** PROBLEM STATEMENT **
Every line below from the one containing "Hohlwand-Schalterdose mit Menbran" through the one containing "Autism PNG, Autism" is to be printed exactly, with the pictures omitted.

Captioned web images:
-----
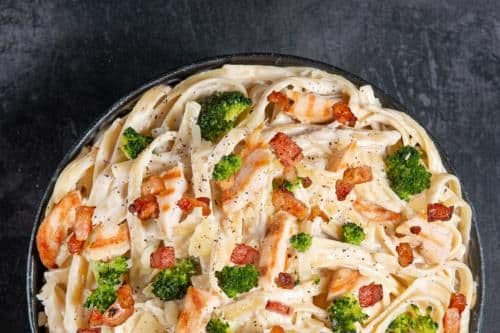 Fettuccine Poulet, Bacon et Brocoli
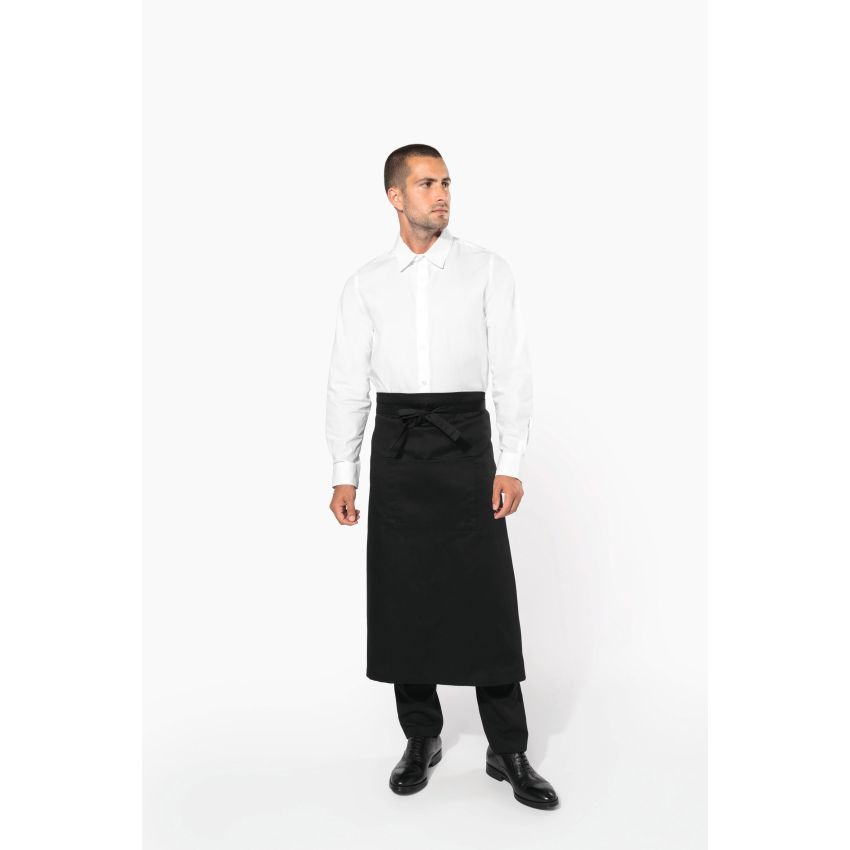Extra-long polyester/cotton apron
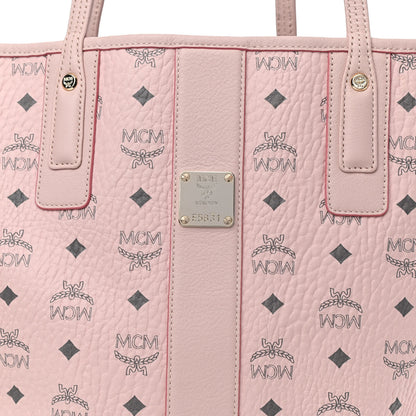 MCM Visetos Medium Liz Reversible Shopper Tote Soft Pink 8 of 13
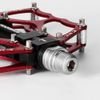 Rockbros 2010-12L Aluminum Platform Bicycle Pedals - Red - (JT201012LR)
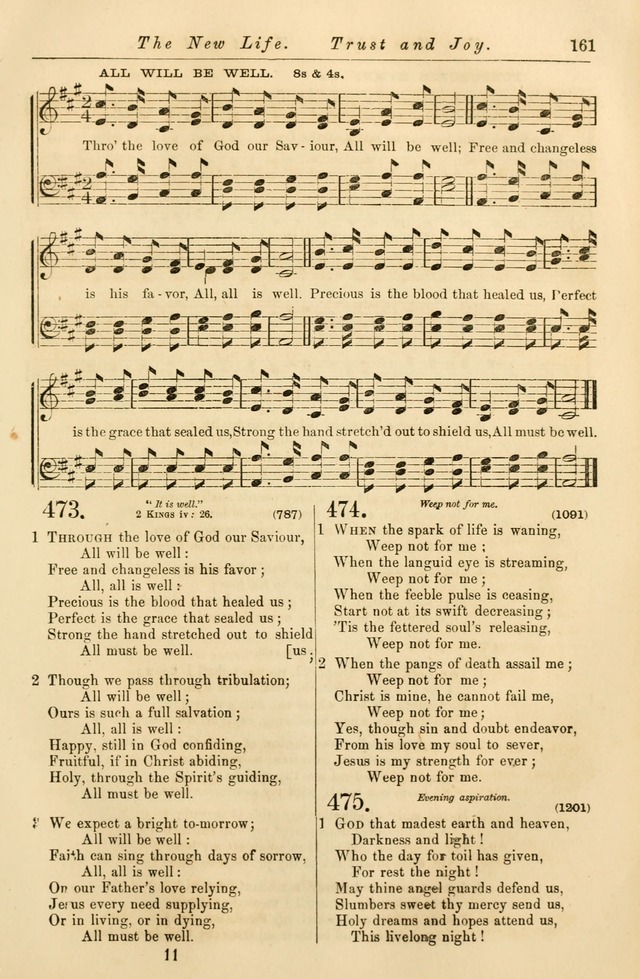 Christian Hymn and Tune Book, for use in Churches, and for Social and Family Devotions page 168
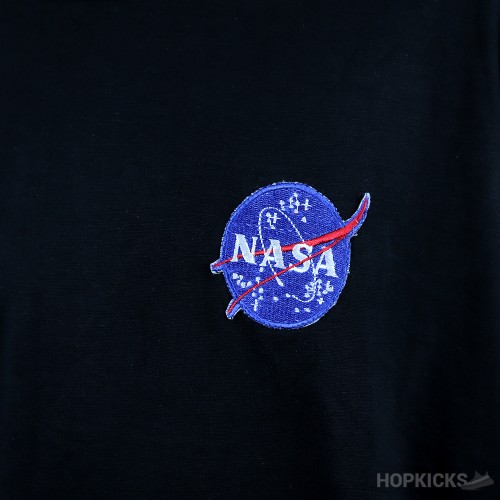Bale*ciaga x Nasa Oversized Black T-Shirt (Economy Batch)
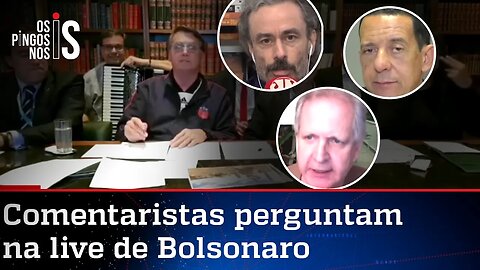 Entrevista durante a live de Jair Bolsonaro de 02/07/20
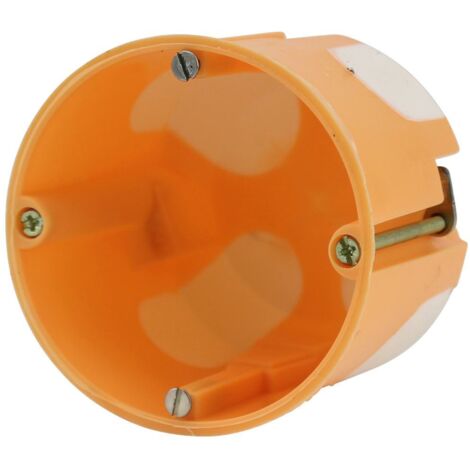 Hohlwand-Schalterdose mit Menbran 61 mm orange Hohlwanddosen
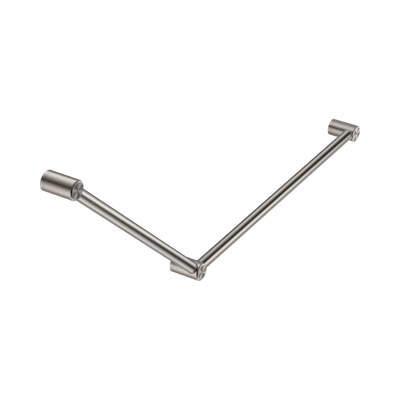 Nero Mecca Care 32mm DDA Accessible Toilet Grab Rail Set 45 Degree 750X900mm, Brushed Nickel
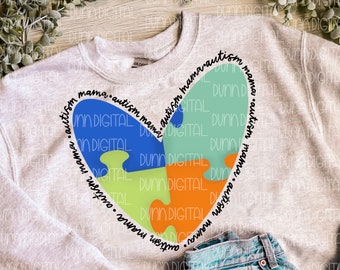 Autism PNG, Autism Sublimation Design, Autism Advocate PNG, Autism Mom Sublimation, Special Education png, autism shirt png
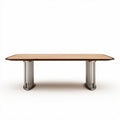 Table rectangulaire en bois et métal 240 x 100 x 75cm pour bureau ou salle à manger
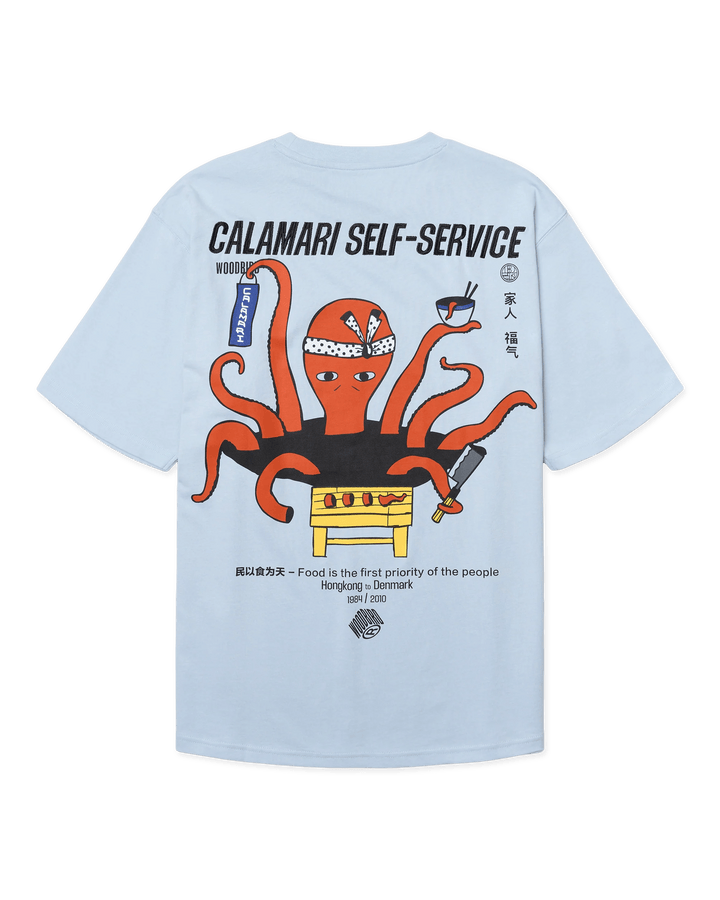 WOODBIRD Baine Octo Tee Dusty Blue XL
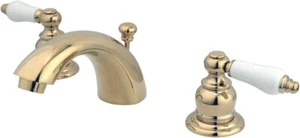 Kingston Brass KB952PL Victorian Mini-Widespread Bathroom Faucet, Polished Brass - Picture 1 of 3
-----
** OUTPUT FOR THIS TASK **
 Hohlwand-Schalterdose mit Menbran 61 mm orange Hohlwanddosen
 Nero Mecca Care 32mm DDA Accessible Toilet Grab Rail Set 45 Degree 750X900mm, Brushed Nickel
 Autism PNG, Autism Sublimation Design, Autism Advocate PNG, Autism Mom Sublimation, Special Education png, autism shirt png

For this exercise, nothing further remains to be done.